UMass Dartmouth's graduation festivities take place Saturday and Sunday, as the coastal campus is still recovering from the arrests of the marathon bombing suspect and his three former classmates.
This week, students were still walking around UMass Dartmouth’s wooded, 700-acre campus, sunbathing and reading in the library.
"What you really feel is a sense of affinity, family, pride, because everyone’s just come to care for each other," said Joshua Encarnacion, who's finishing his junior year. He’s president of his class.
"I feel like all of the media attention focuses on what people see from outside in because on campus the first day back we were right back to work," he said. "It feels like no one missed an assignment, no professor was late on work. Everybody was ready to begin finals week when it all happened."
What happened was the arrest of Dzhokhar Tsarnaev, the 19-year-old Boston Marathon bombing suspect. He lived in a dorm on campus and the school was evacuated for a day. Classmates have since told police and the media that he played intramural soccer, smoked marijuana and was a mediocre student. Police and the FBI eventually arrested three of his friends, only one of whom was still enrolled at the school. Officials say the friends had no knowledge of the bombings beforehand but two of them are charged with destroying evidence and one charged with misleading police. At first, the school administration had no comment. It has since announced plans to review its handling of several issues. And Chancellor Divina Grossman says the arrests do not represent the campus of 9,500 students.
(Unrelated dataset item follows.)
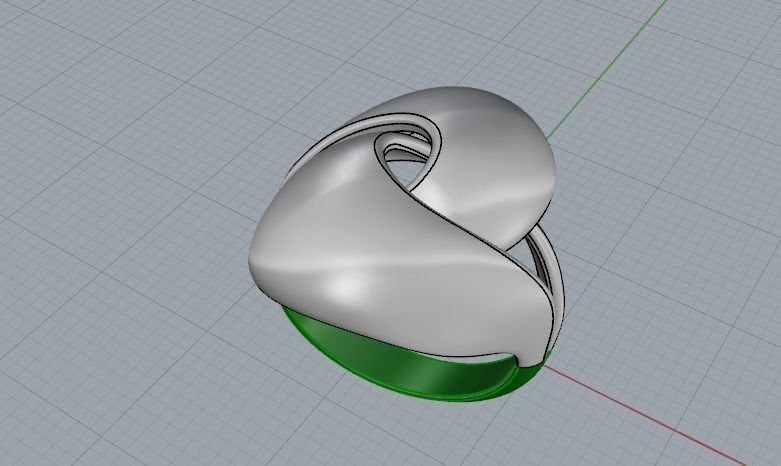 Ring without stones N01404 3D print model_4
"This is a beacon of hope and educational opportunity in this region," Grossman said. "The men and women who worked in the textile mills, the fishing industry, they had bright hopes and aspirations for their children."
Chancellor Grossman herself first came to the school as a foreign student from the Philippines.
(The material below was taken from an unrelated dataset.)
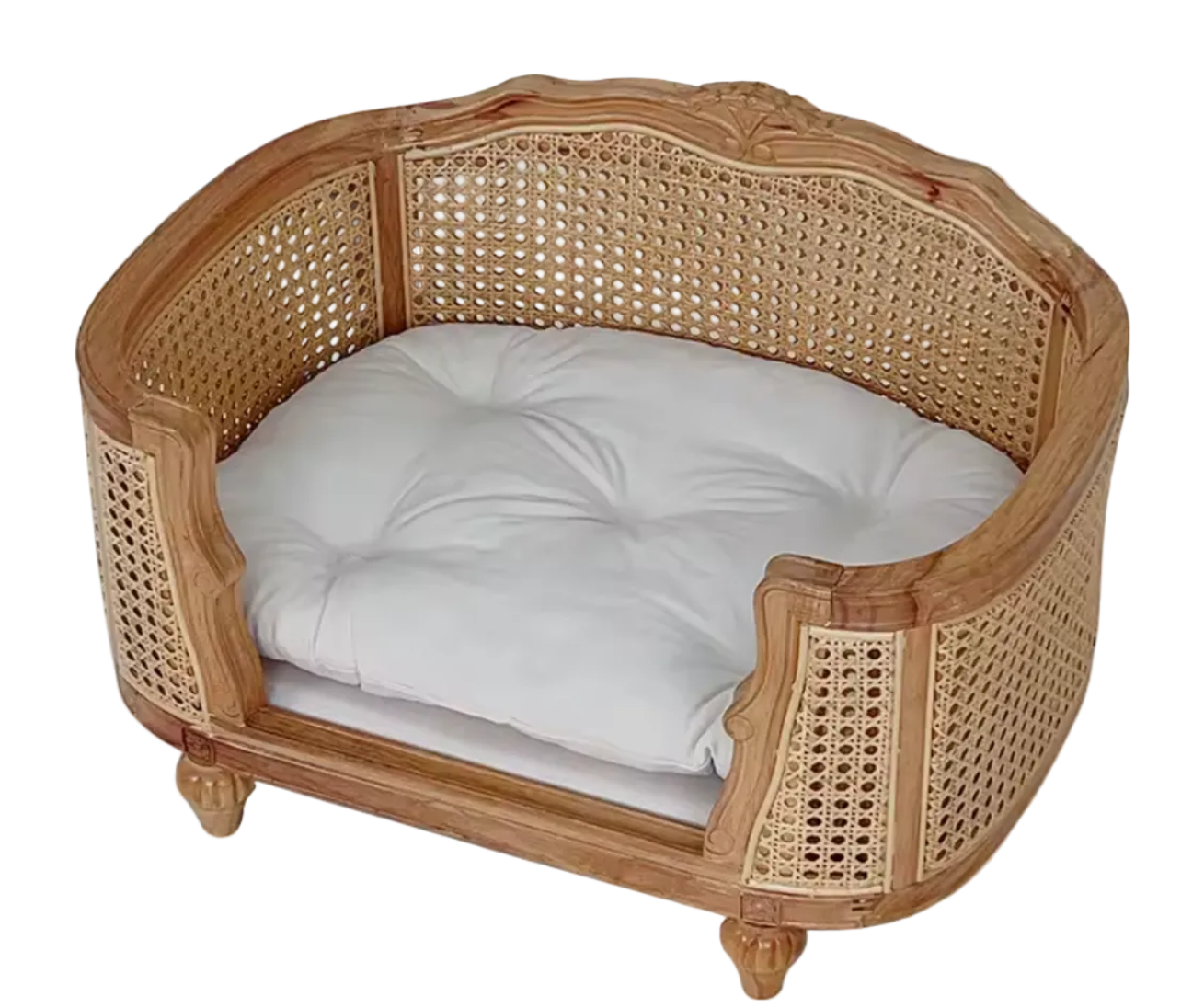 Solid Wood French Style Dog Bed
"So when you look at UMass Dartmouth, the real story about it is how it transforms lives of individual students and how for many of our students it’s the first time somebody in their family is going to college and completing college," she said.
Grossman says UMass Dartmouth didn’t turn Dzhokhar Tsarnaev into a terrorist, just as Harvard didn’t turn Ted Kaczynski into the Unabomber. And at a school where about half the students live off campus, it’s difficult to keep track of what they do in their free time. Senior Leanne Poirier has been reporting on the arrests for the school paper. She says it’s strange, and somewhat frustrating, for her school to be associated with alleged terrorist activity.
"People are kind of joking now, 'Oh my gosh UMass is breeding terrorists.'" she said. "But I don’t think that’s the case at all. I just think that it’s a low-cost school, it’s a state school and some people ended up being here at the wrong time for all of us, I guess."
Still, in response to the arrests, UMass Dartmouth is boosting security and limiting the number of people who may attend graduation.